Goal: Real-time text generation on CPU

Implement KV caching for transformers
Quantize model to INT8
Optimize attention computation
Generate 100 tokens/second on laptop CPU

Option 3: Custom Challenge

Goal: Define your own optimization challenge

Pick a problem you care about
Set performance targets
Apply systematic optimization
Document the journey

What You'll Demonstrate

1. Full Stack Understanding

Build complete training pipeline
Implement model architecture
Add optimization layers
Deploy to production

2. Systems Engineering

Profile and identify bottlenecks
Apply appropriate optimizations
Measure and validate improvements
Handle resource constraints

3. Scientific Approach

Baseline measurements
Systematic optimization
Ablation studies
Reproducible results

Capstone Structure

Week 1: Planning & Baseline

# 1. Choose project and define success metrics
metrics = {
    'accuracy_target': 75.0,
    'inference_time': '<10ms',
    'memory_usage': '<100MB',
    'model_size': '<10MB'
}

# 2. Build baseline system
baseline = build_baseline_model()
baseline_metrics = evaluate(baseline)

# 3. Profile and identify opportunities
bottlenecks = profile_system(baseline)

Week 2: Optimization Sprint

# 4. Apply optimizations systematically
optimized = baseline
optimized = apply_acceleration(optimized)
optimized = apply_quantization(optimized)  
optimized = apply_pruning(optimized)
optimized = apply_caching(optimized)

# 5. Measure improvements
for optimization in optimizations:
    metrics = evaluate(optimized)
    speedup = baseline_time / optimized_time
    print(f"{optimization}: {speedup}x faster")

Week 3: Polish & Deploy

# 6. Final optimization pass
final_model = fine_tune_optimizations(optimized)
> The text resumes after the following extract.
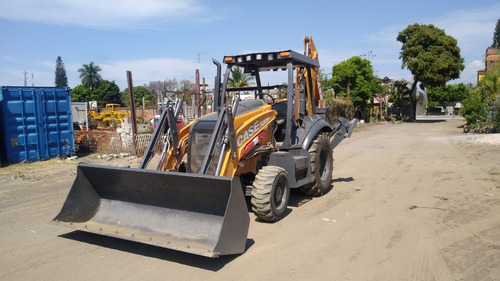 Retroexcavadora Case 580 N 4x4 Año 2017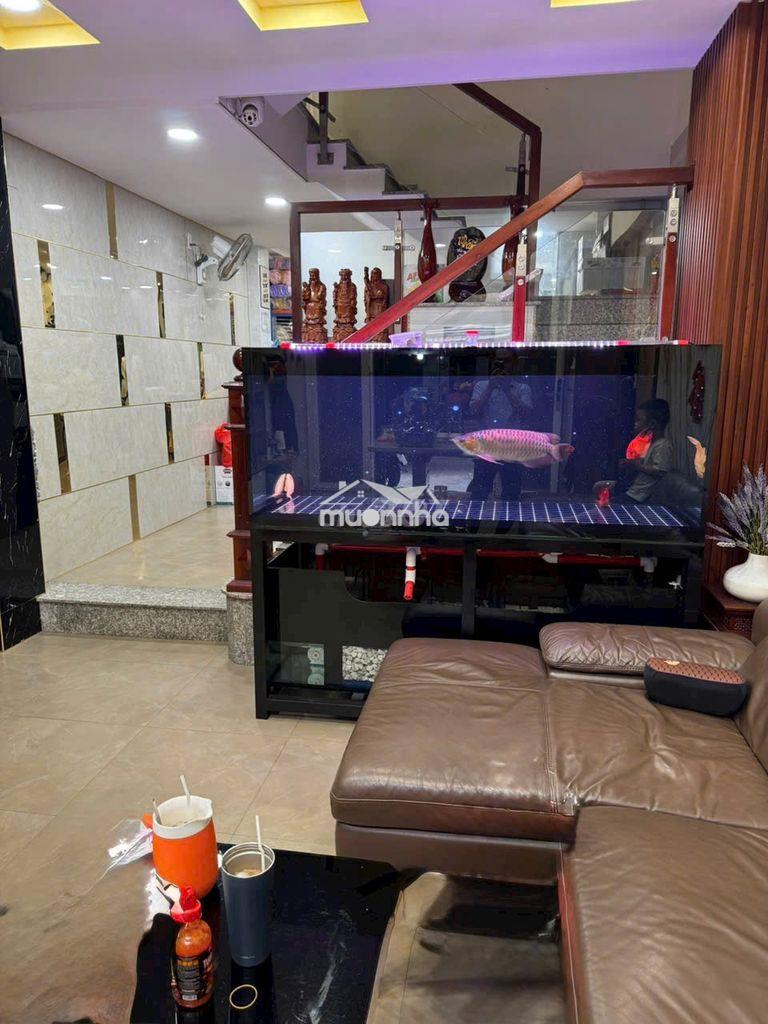 Nhà bán kín hẻm ô tô thông, đường học lạc p14 q5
# 7. Create deployment package
deployment = package_for_production(final_model)

# 8. Document results
write_technical_report(baseline, final_model, metrics)

Deliverables

1. Working System

Complete codebase on GitHub
README with setup instructions
Demonstration video/notebook

2. Technical Report

Problem statement and approach
Baseline vs optimized metrics
Optimization journey and decisions
Lessons learned

3. Performance Analysis

Comprehensive benchmarks
Ablation study results
Resource utilization graphs
Comparison with PyTorch/TensorFlow

Evaluation Criteria

Technical Excellence (40%)

Correctness of implementation
Quality of optimizations
Code organization and style

Performance Achievement (30%)

Meeting stated goals
Improvement over baseline
Resource efficiency

Systems Understanding (30%)

Appropriate optimization choices
Understanding of tradeoffs
Scientific methodology

Example Projects from Past Students

"TinyYOLO" - Real-time Object Detection

30 FPS on Raspberry Pi
90% size reduction through pruning
Custom INT8 kernels for ARM

"NanoGPT" - Edge Language Model

100MB model generates Shakespeare
KV caching + quantization
Runs on 2015 laptop

"SwiftCNN" - Instant Image Classification

<1ms inference on iPhone
Structured pruning + iOS Metal
95% of ResNet accuracy at 10% size

Resources

All previous module code
TinyTorch optimization library
Benchmarking tools
Community Discord for help

Success Criteria

✅ Complete working system with all optimizations
✅ 10x+ improvement in speed OR memory
✅ Professional documentation and analysis
✅ Understanding of when/why to apply each optimization
✅ Ready for ML systems engineering roles!

Final Note

This is your chance to show everything you've learned. Build something you're proud of - something that demonstrates not just that you can implement ML algorithms, but that you understand how to build production ML systems.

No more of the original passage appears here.